EXERCISE: Copy the data exactly as it appears, and do not include any pictures.

PROVIDED DATA:
******

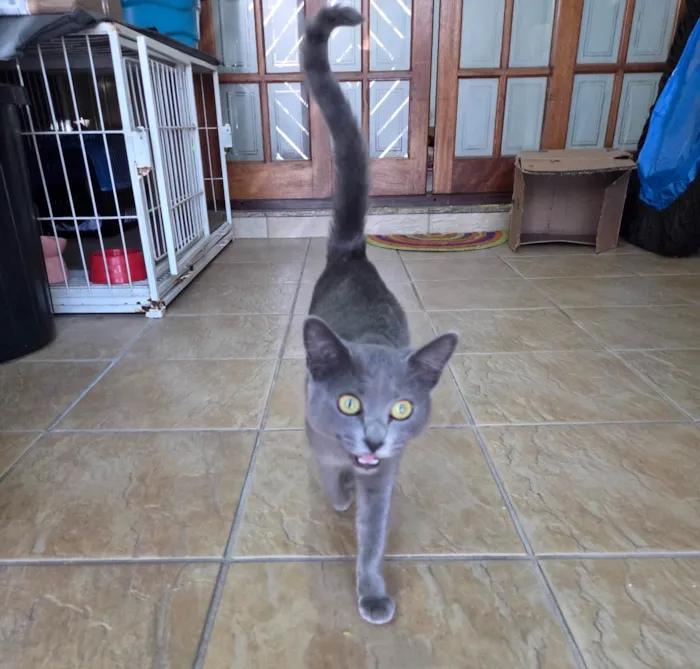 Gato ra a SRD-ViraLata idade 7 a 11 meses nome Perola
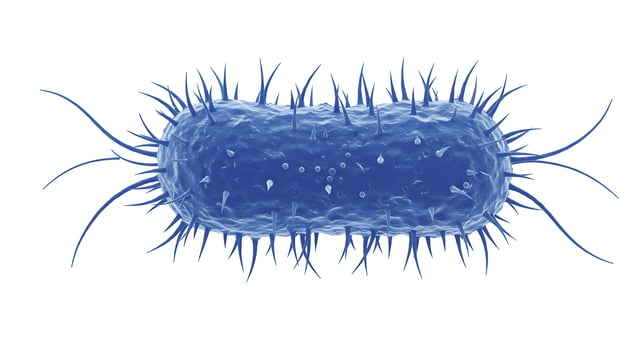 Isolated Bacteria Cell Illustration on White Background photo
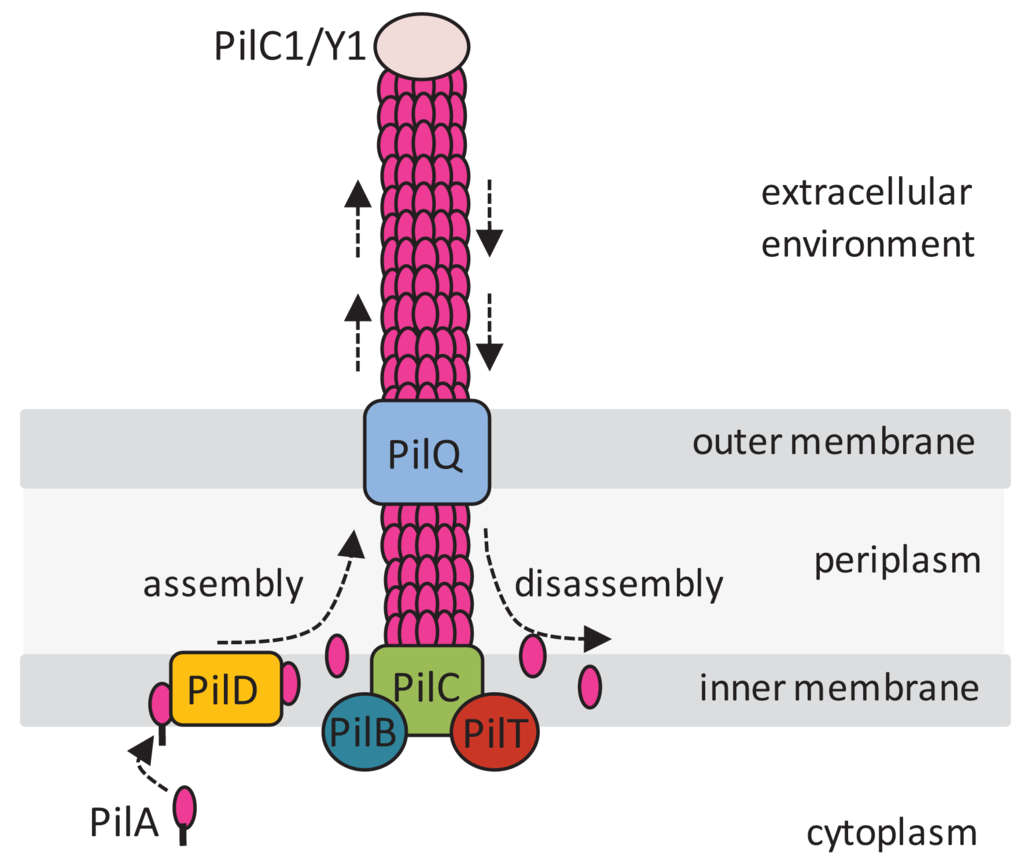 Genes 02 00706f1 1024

******

TASK SOLUTION:
 Gato ra a SRD-ViraLata idade 7 a 11 meses nome Perola
 Isolated Bacteria Cell Illustration on White Background photo
 Genes 02 00706f1 1024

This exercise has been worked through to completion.